■ **DATA LISTING**:
· · ·
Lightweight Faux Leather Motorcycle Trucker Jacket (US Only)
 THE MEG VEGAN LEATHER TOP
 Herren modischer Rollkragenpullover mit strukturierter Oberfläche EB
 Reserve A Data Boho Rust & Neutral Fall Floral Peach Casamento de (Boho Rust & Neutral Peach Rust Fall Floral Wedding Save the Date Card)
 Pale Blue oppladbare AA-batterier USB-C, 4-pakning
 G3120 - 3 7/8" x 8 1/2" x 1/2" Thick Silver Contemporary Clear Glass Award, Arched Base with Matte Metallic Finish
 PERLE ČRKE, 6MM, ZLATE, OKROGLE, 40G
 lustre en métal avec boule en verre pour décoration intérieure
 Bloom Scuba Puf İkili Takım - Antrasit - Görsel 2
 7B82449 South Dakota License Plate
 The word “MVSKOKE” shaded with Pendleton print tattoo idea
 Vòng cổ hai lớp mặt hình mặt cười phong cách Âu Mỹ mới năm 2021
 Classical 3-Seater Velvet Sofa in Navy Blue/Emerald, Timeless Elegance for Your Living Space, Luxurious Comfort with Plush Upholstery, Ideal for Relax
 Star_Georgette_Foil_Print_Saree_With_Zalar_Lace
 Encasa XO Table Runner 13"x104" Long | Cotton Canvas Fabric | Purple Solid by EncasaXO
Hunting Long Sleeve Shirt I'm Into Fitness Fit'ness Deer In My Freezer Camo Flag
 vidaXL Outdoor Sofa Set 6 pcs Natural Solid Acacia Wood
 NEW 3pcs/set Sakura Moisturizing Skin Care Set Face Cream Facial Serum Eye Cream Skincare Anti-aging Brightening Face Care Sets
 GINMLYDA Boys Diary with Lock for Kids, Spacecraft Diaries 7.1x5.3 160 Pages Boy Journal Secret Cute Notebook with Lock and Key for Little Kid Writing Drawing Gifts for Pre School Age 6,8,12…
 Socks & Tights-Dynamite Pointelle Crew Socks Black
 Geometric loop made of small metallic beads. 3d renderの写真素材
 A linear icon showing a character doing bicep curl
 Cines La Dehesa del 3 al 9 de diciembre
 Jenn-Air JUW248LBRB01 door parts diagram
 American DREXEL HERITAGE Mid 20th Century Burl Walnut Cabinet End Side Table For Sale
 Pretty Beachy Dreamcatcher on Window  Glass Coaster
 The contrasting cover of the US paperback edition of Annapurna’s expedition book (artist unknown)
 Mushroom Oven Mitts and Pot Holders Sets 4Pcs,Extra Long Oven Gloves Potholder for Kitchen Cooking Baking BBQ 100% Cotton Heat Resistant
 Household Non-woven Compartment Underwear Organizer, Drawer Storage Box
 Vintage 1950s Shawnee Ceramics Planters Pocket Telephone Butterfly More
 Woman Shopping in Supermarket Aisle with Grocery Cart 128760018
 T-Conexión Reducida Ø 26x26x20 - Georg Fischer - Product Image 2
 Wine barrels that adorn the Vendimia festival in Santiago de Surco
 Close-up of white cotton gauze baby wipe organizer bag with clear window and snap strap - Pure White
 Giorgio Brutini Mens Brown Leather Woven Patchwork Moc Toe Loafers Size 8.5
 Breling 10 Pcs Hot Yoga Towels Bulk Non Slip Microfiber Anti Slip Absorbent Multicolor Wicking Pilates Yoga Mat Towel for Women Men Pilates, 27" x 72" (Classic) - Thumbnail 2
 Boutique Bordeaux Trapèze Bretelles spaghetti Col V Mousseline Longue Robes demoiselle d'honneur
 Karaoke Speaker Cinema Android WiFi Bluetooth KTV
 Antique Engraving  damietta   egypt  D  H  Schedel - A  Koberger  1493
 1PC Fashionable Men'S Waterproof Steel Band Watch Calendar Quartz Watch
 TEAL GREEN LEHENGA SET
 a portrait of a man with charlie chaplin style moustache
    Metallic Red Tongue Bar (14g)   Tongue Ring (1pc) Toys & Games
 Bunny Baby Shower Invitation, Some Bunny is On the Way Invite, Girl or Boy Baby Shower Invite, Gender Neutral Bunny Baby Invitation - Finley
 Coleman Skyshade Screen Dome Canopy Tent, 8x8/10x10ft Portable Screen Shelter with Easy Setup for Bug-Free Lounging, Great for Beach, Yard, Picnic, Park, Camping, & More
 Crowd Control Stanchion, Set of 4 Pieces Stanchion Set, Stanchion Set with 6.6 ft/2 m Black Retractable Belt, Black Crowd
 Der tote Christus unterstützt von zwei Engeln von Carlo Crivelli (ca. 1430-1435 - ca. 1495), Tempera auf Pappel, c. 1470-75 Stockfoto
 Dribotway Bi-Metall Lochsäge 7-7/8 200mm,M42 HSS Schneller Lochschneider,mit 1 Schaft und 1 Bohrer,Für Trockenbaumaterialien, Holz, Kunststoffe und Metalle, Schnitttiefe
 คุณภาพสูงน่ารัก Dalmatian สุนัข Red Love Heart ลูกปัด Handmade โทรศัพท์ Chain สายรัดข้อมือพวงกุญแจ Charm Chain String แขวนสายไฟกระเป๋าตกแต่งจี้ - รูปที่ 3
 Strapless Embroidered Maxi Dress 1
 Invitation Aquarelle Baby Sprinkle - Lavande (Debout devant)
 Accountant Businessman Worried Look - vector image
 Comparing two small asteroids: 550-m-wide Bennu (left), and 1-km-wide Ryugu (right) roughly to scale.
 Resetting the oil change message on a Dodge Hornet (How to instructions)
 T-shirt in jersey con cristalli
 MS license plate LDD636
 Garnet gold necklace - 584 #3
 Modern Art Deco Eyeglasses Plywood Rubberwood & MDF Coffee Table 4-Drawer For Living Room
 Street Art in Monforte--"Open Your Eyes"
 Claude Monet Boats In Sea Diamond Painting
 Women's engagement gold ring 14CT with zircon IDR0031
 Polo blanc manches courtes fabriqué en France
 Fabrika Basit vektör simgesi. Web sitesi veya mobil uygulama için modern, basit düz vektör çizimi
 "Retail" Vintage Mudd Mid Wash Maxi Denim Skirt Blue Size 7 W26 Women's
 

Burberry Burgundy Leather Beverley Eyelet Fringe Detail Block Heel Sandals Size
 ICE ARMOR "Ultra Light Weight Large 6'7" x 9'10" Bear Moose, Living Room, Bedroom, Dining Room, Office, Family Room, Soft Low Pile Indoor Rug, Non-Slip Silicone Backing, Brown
· · ·
Please restate, word for word, the lines of the entries that run from the first line through the one holding "Encasa XO Table", and add nothing.

■ **YOUR RESPONSE**:
Lightweight Faux Leather Motorcycle Trucker Jacket (US Only)
 THE MEG VEGAN LEATHER TOP
 Herren modischer Rollkragenpullover mit strukturierter Oberfläche EB
 Reserve A Data Boho Rust & Neutral Fall Floral Peach Casamento de (Boho Rust & Neutral Peach Rust Fall Floral Wedding Save the Date Card)
 Pale Blue oppladbare AA-batterier USB-C, 4-pakning
 G3120 - 3 7/8" x 8 1/2" x 1/2" Thick Silver Contemporary Clear Glass Award, Arched Base with Matte Metallic Finish
 PERLE ČRKE, 6MM, ZLATE, OKROGLE, 40G
 lustre en métal avec boule en verre pour décoration intérieure
 Bloom Scuba Puf İkili Takım - Antrasit - Görsel 2
 7B82449 South Dakota License Plate
 The word “MVSKOKE” shaded with Pendleton print tattoo idea
 Vòng cổ hai lớp mặt hình mặt cười phong cách Âu Mỹ mới năm 2021
 Classical 3-Seater Velvet Sofa in Navy Blue/Emerald, Timeless Elegance for Your Living Space, Luxurious Comfort with Plush Upholstery, Ideal for Relax
 Star_Georgette_Foil_Print_Saree_With_Zalar_Lace
 Encasa XO Table Runner 13"x104" Long | Cotton Canvas Fabric | Purple Solid by EncasaXO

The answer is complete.